Preserving the Self: A Novel Rasmussen Encephalitis Treatment Strategy
Source PublicationActa Neurologica Belgica
Primary AuthorsZafar, Zahoor, Cobb et al.

Why does nature allow a system as sophisticated as the human brain to spiral into such precise, rhythmic self-destruction? It is a question that haunts the study of Rasmussen encephalitis (RE), a rare, immune-mediated disorder where the body turns against one hemisphere of the brain. The result is often Epilepsia Partialis Continua (EPC)—a relentless, focal motor seizure that refuses to quit. For decades, the most effective solution has been brutally simple: disconnect the offending hemisphere entirely. It stops the fire, certainly. But if the inflammation sits in the dominant hemisphere, the cost is the patient's voice, language, and finer cognition.
We are forced to ask if evolution has left us a backdoor.

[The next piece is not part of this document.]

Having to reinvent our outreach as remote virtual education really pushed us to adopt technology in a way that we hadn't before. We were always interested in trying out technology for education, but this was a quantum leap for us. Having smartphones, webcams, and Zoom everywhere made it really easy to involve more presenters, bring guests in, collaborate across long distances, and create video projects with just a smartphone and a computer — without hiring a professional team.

Evolutionary redundancy and Rasmussen encephalitis treatment
The brain is not a monolith; it is a federation of interconnected states. Evolution favoured this modularity because it allows for complex, parallel processing. However, RE exploits these very connections, using neural highways to broadcast chaos. A recent case study involving a 13-year-old male challenges the notion that we must destroy the infrastructure to stop the riot. This patient, suffering from drug-resistant EPC in his language-dominant left hemisphere, faced a grim choice. Ten medications, steroids, and immunotherapies had failed. Hemispheric disconnection would likely silence his ability to speak.
Instead, clinicians pursued a less destructive path: Responsive Neurostimulation (RNS). This device does not act like a sledgehammer; it acts like a diplomat. Implanted directly over the seizure focus, it monitors electrical activity. When it detects the specific pattern of a seizure, it delivers a counter-stimulation to disrupt the signal.

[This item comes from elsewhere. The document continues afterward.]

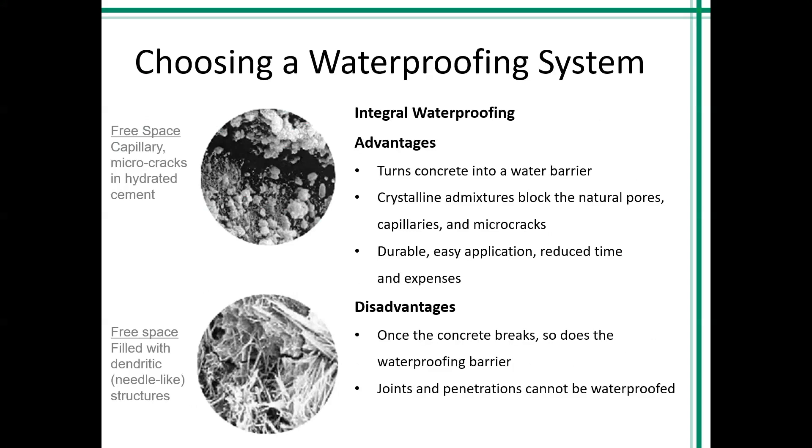Integral waterproofing essentially turns the concrete itself into a water barrier. Standard concrete is very porous, so by adding a crystalline admixture, a reaction creates more crystallization than standard concrete, which builds up the pores. Unfortunately, when the concrete cracks, so does the waterproofing. Some crystalline material can self-seal very small cracks because water jumpstarts the chemical reaction and makes calcium silicate hydrate (CSH) crystals again — the foundational compound formed in the concrete. If cracks are larger, remedial waterproofing may be necessary. Surface penetrations and openings in the envelope are also not addressed with integral waterproofing and will have to be carefully detailed.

The results were measurable and stark. Before the implant, the patient endured between 4,000 and 6,000 long seizure episodes daily. Following the procedure, the device recordings showed a drop to approximately 600 per day. Physically, the propagation of spasms to the neck and shoulder decreased by more than 50%. Crucially, the boy’s cognitive and language abilities remained stable over the 30-month observation period.
From measurements to implications
We must distinguish what was recorded from what this promises. The study measured a reduction in electrical noise and motor symptoms. It also recorded that the addition of the drug cenobamate correlated with further improvements. However, the broader implication is what matters here. The data suggests that neuromodulation could serve as a viable Rasmussen encephalitis treatment for patients who cannot afford to lose a hemisphere. It implies that we can exploit the brain's electrical nature to hold the immune system's assault at bay, preserving the self while managing the symptoms.
This is not a cure. The underlying immune attack persists. Yet, it represents a shift in strategy—using technology to negotiate a truce with our own biology, rather than accepting unconditional surrender.